Fig. 4 FE-TEM images, HRTEM images and corresponding SAED patterns of commercial TiO₂ and as prepared TiO₂ nanocuboids: (a–c) commercial TiO₂, (d–f) TiO₂ nanocuboids prepared for 48 h at 150 °C; (g–i) TiO₂ nanocuboids prepared for 48 h at 200 °C.

Fig. 4d and g shows the FETEM images of TiO₂ NCs prepared for 48 h at 150 and 200 °C respectively. FETEM images clearly show that the as prepared TiO₂ nanostructures are composed of cuboid shaped particles. However, as seen from Fig. 4d and g, the increase of the reaction temperature from 150 to 200 °C, leads to increase in the particle size range from 10–20 nm to 10–40 nm. Fig. 4e and h shows the HRTEM images of TiO₂ NCs prepared for 48 h at 150 and 200 °C respectively.
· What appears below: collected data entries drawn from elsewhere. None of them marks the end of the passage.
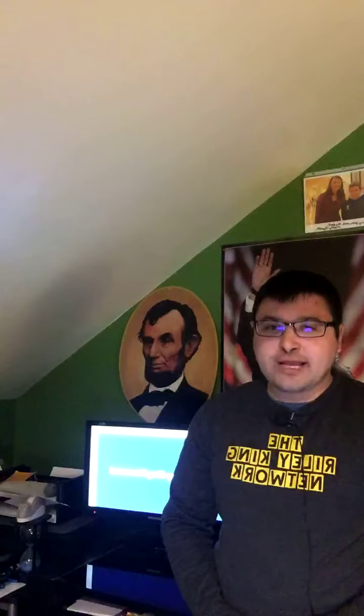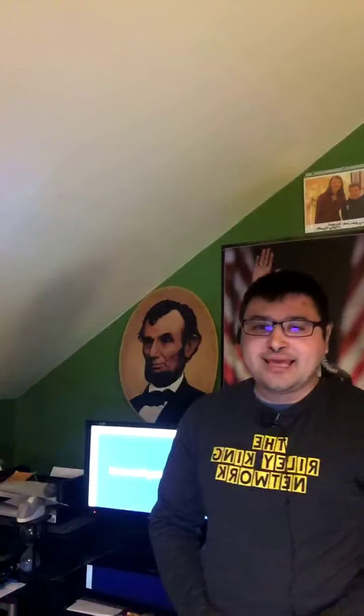Good evening, everyone. I'm Riley King, and welcome to the Riley King Newscast, right here on the Riley King Network. We have a lot of news this Friday evening, so let's begin.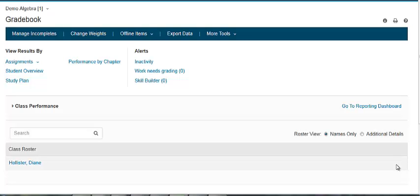MyLab and Excel allow you to view individual student results. The results page shows a student's results on their assignments and study plan QuizMe quizzes. Students can view their own results page, and you can view all student results in your gradebook to track student performance in your course.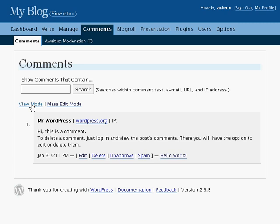Two viewing modes are available to show you different views of the comments. View mode shows you each comment in its entirety and gives you a bunch of options for each one.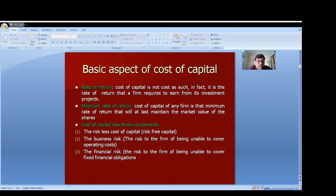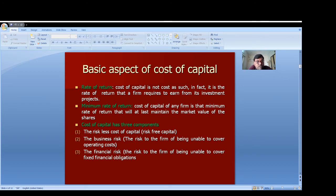There are three important components of cost of capital. Number one is the risk-free cost of capital — sources where there is no risk. For example, investing in a bank or in treasury bills carries no risk, whereas investing in the capital market carries risk. So risk-free cost of capital refers to investments with no risk.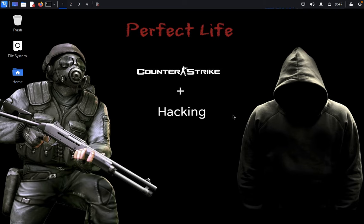Hello guys, welcome back to Pentest Club. Today we're going to solve another CTF challenge named 'Cynics'. The basic penetration testing industry methodologies we used here are network scanning, enumeration, exploiting local file inclusion, privilege escalation, and reading the root flag. We have two root flags to hunt and we need to get root privilege access on this machine.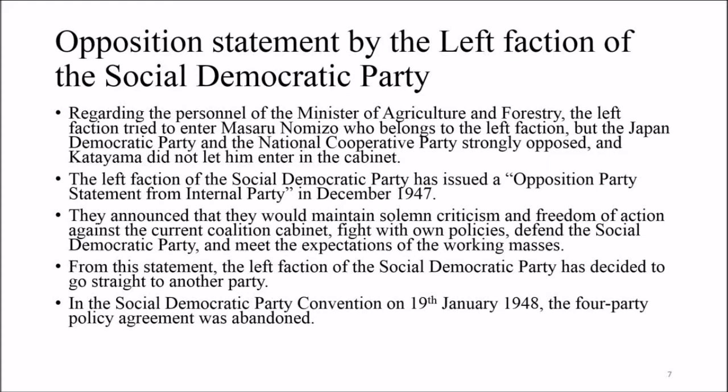Regarding the personnel of the Ministry of Agriculture and Forestry, the Left Faction of the Social Democratic Party tried to appoint Masaru Nomizo, who belonged to the Left Faction. However, the Japan Democratic Party and the National Cooperative Party strongly opposed this, and Katayama did not allow him to enter the cabinet. The Left Faction of the Social Democratic Party subsequently issued an Opposition Party Statement from within the party in December 1947.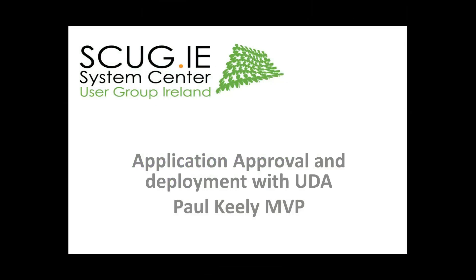Hi, my name is Paul Keeley. In this session we're going to look at application deployment with user device affinity.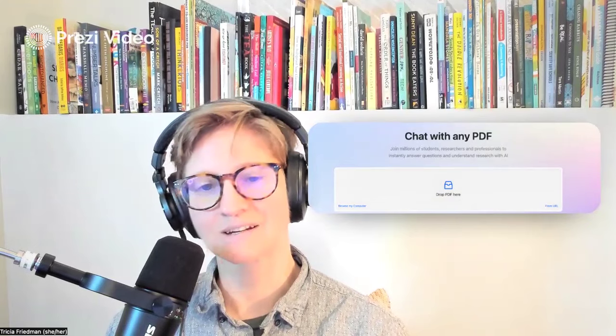We'd love to hear what you are doing with your research and tools like ChatPDF. Our contact email is also in the video description. Thanks for watching Nifty in 90.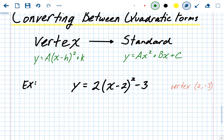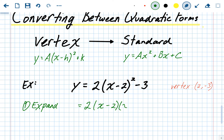The first step is to expand. Instead of writing x minus 2 squared, we expand that out into two binomials. The 2 out front — the a value — stays, and our a value at the end should also be 2. We rewrite x minus 2 squared as x minus 2 times x minus 2. And do not forget the minus 3 at the end — it's going to hang out the entire time.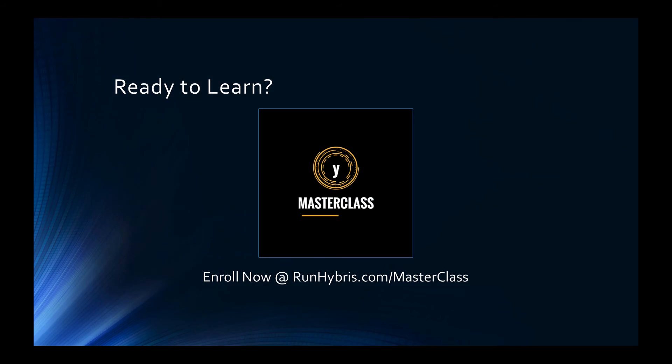Thanks for taking the time to watch this tutorial. If you're looking for more insights, code snippets and worked examples we invite you to check out the full SAP Hybris Masterclass at runhybris.com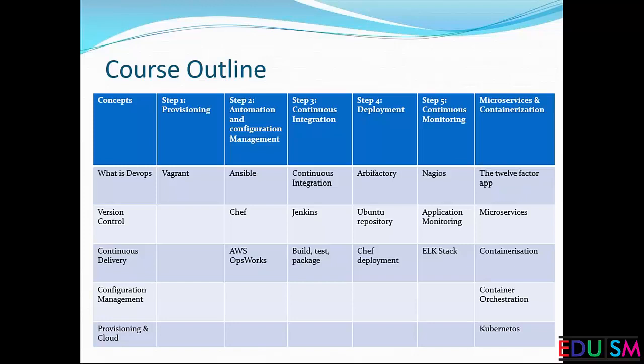On the continuous integration side, we will learn Jenkins, which is a continuous integration server. There we will perform some builds on a sample application, test those applications, and once the test is successful, we will package them and finally deploy them on the production servers using Chef.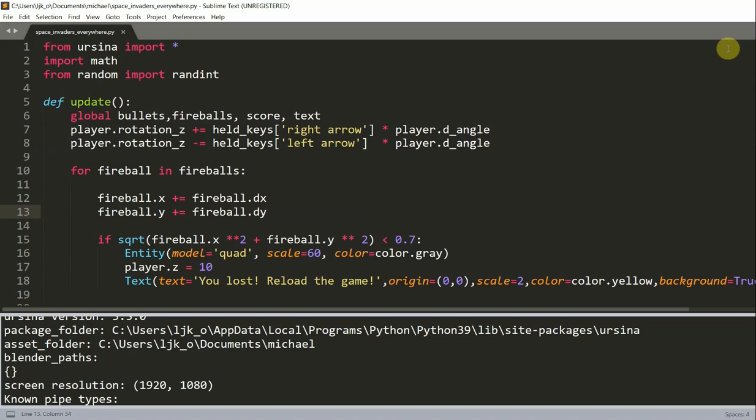So in this video, I'm not going to start from the beginning to make the game. Instead, I'm going to talk about how I made the game complete based on the two previous videos, and how the new features such as the explosion effect were added. Now you can find the complete code in the description section below.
As shown in the inset of Fig. 4h, a magnified view of the selected region of single cuboid TiO₂ nanocrystal displays visible lattice fringes with d spacings of 0.35 nm, which can be indexed to (101) plane of anatase TiO₂. A similar d spacing of 0.35 nm observed at an angle of 136.6° to (101) plane can be indexed to (−101) plane.⁵⁵ According to the crystallographic knowledge and imaging theory of TEM, the exposed facet (010) of TiO₂ is perpendicular to these two crystal facets so that TiO₂ nanocrystal is faced with {010} crystal facet, with {001} and {100} facets forming the lateral sides. Also as shown in the inset of Fig. 4h, the edge to the {010} facet is marked with d spacing of 0.24 nm that can be indexed to (004) planes of exposed {001} facet. This indicates that anatase TiO₂ nanocrystals are exposed with high energy {010}, {100} and {001} facets.^56,57

The corresponding SAED patterns of the as prepared TiO₂ NCs exhibit a polycrystalline nature. The distinct diffraction rings of the SAED patterns confirm the presence of well-crystallized anatase as shown in Fig. 4f and i. The diffraction ring spots can be indexed as (101), (004), (200) and (204) crystal planes of anatase TiO₂ which is in accordance with the XRD results (Fig. 1).

3.3. XPS analysis

The X-ray photoelectron spectroscopy (XPS) analysis was performed to study the surface chemical composition of TiO₂ NCs prepared at 200 °C for 48 h and the results are presented in Fig. 5. The wide scan survey spectrum (Fig. 5a) showed that the TiO₂ NCs contain C, N, Ti, O and F elements, with photoelectron peaks appearing at binding energies of 285.82 (C 1s), 400.09 (N 1s), 458.92 (Ti 2p), 530.15 (O 1s) and 683.88 eV (F 1s) respectively.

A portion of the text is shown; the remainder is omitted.